Y ésta es, a grandes rasgos, la trayectoria política de la señora que la flamante presidenta de la Comunidad de Madrid, Isabel Díaz Ayuso, ha puesto como ejemplo, rumbo, espejo y timón de su futura gestión durante el discurso de investidura. Algo lógico, teniendo en cuenta que una de sus funciones, durante el gobierno de la inefable lideresa, fue tuitear en nombre del perrito de Esperanza Aguirre, Pecas, los ladridos, gemidos y carantoñas que el pobre animal no podía teclear por falta de una adecuada digitación. Es verdad que por aquel tiempo Díaz Ayuso hacía otras cosas, pero probablemente ninguna más importante ni más inocente que dar voz a un perro.
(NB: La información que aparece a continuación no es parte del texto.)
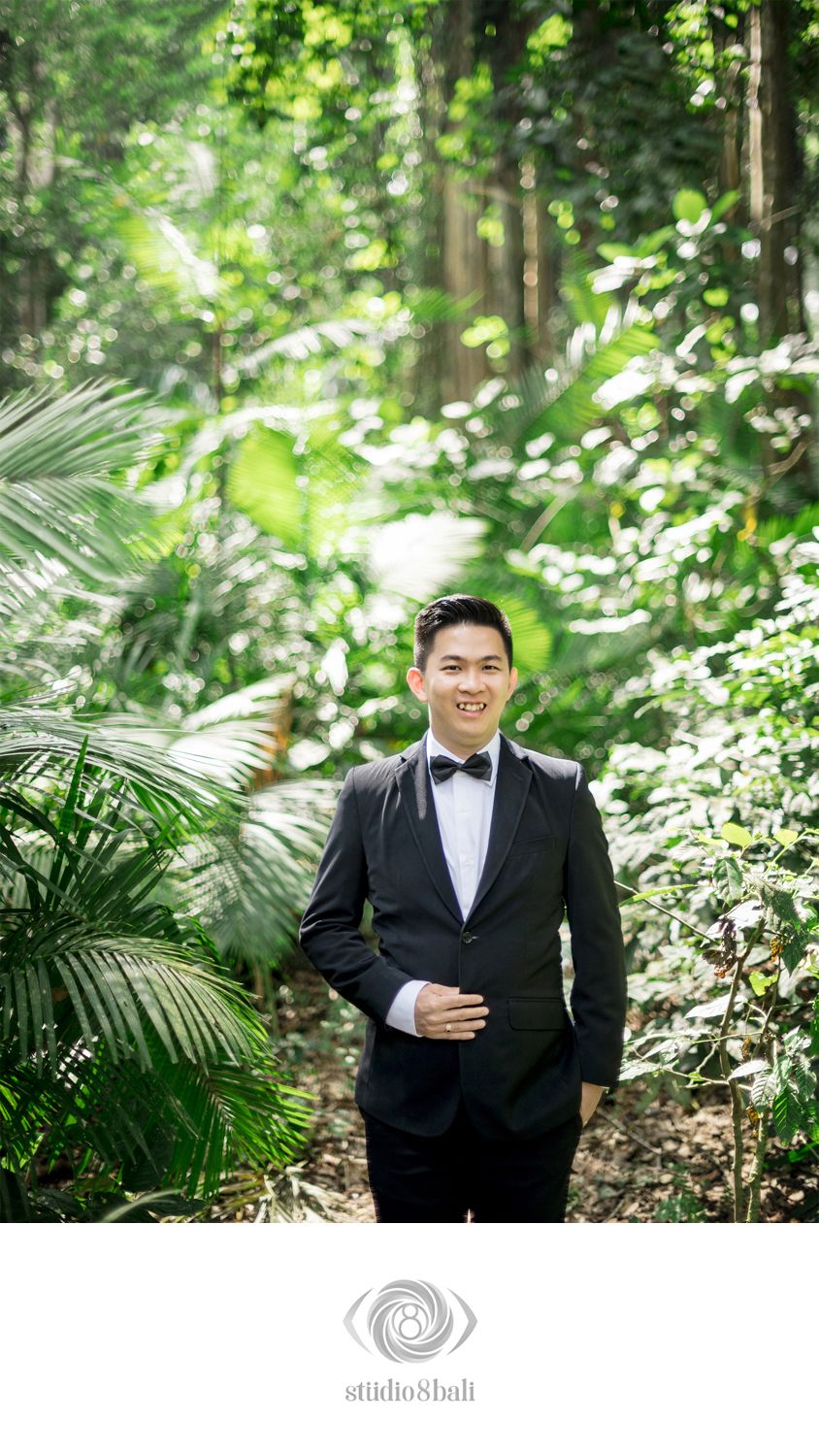 Groom in black tuxedo with bow tie smiling in lush tropical forest setting for Bali wedding photography.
Tampoco se le podía pedir más a una mujer que, en plena campaña electoral, se soltó el pelo a base de propuestas surrealistas como garantizar una paga para los concebidos no nacidos en el seno de una familia numerosa, tronar contra la dictadura progre que lo empapa todo o lamentar la falta de atascos en el centro de Madrid por culpa de las medidas de Carmena, una de las señas distintivas de la capital junto con la Cibeles, el Bernabeu y las obras faraónicas de Gallardón.
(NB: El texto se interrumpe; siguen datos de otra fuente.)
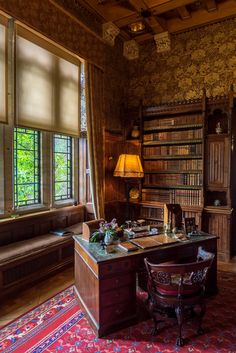 an old fashioned desk in the corner of a room with lots of bookshelves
Hay una pose misteriosa que ha llamado la atención en muchas de las fotos tomadas a Díaz Ayuso: es una cara de pasmo infinito, de alucine en technicolor con los ojos despatarrados y la boca entreabierta, una cara de monja en trance de ascender a los cielos, como si estuviera viendo pasar un ángel, un dragón, un sobre lleno de billetes, un altillo forrado de billetes, Cristina Cifuentes mangando cremas en el Eroski, un perro tecleando en internet, una vaca volando, un concebido no nacido, una fiesta del Orgullo Gay en la Casa de Campo, un jamón con chorreras, las armas de destrucción masiva de la guerra de Irak, los 18 millones de los Pujol que acaban de descubrir en un banco suizo o la mano de hierro de la presidenta señalándola para que se quite el chándal y salga a jugar. Seguramente Díaz Ayuso estaba viendo eso: a ella misma en el puesto de presidenta de Comunidad de Madrid. Los jueves, milagro.